Mas Emma que, como todas as mulheres, devia ter se sentido orgulhosa de ser amada, embora não amasse, não respondeu a Napoleão. E, em vez de devolver as cartas, guarda-as avaramente. É possivel que mais tarde, já mulher, ella tivesse se arrependido profundamente de ter repellido um homem que ia ser o senhor da Europa. O facto, porém, é que essas cartas foram guardadas e somente muito tempo depois um descendente da dama, em más condições financeiras, resolveu negocial-as.
Quem adquiriu essas preciosidades historicas e sentimentaes foi um collecionador francez, o sr.
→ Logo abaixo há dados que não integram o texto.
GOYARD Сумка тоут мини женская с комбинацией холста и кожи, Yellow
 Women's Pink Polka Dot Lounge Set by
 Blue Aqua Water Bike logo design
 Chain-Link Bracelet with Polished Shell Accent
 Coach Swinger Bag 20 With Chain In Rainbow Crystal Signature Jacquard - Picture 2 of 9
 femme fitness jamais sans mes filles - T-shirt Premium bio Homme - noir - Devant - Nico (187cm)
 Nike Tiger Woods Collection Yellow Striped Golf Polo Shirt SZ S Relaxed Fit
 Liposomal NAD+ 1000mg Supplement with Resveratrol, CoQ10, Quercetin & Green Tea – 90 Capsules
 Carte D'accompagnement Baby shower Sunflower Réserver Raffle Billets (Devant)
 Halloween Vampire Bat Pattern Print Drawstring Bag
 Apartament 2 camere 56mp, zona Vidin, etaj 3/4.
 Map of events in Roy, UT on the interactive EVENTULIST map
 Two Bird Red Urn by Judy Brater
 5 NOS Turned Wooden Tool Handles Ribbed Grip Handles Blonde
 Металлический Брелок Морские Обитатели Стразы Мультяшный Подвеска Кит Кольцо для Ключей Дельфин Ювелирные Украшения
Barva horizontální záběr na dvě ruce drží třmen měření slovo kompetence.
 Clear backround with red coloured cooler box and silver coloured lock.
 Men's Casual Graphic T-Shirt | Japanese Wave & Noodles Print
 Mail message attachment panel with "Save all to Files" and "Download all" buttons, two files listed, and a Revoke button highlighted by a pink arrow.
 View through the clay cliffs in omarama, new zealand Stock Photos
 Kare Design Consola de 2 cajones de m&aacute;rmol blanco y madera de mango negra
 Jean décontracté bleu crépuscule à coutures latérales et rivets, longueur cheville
Barbet, que as guardou ciumentamente em seu armario de autographos, durante muitos annos, sem as mostrar a ninguem, no zelo maniaco de collecionador feroz.
Somente, agora, após a sua morte, o segredo das cinco cartas, vem á luz da publicidade, revelando-nos a figura curiosa e humoristica dessa Emma imprevidente que não quiz ser esposa do Imperador da Europa.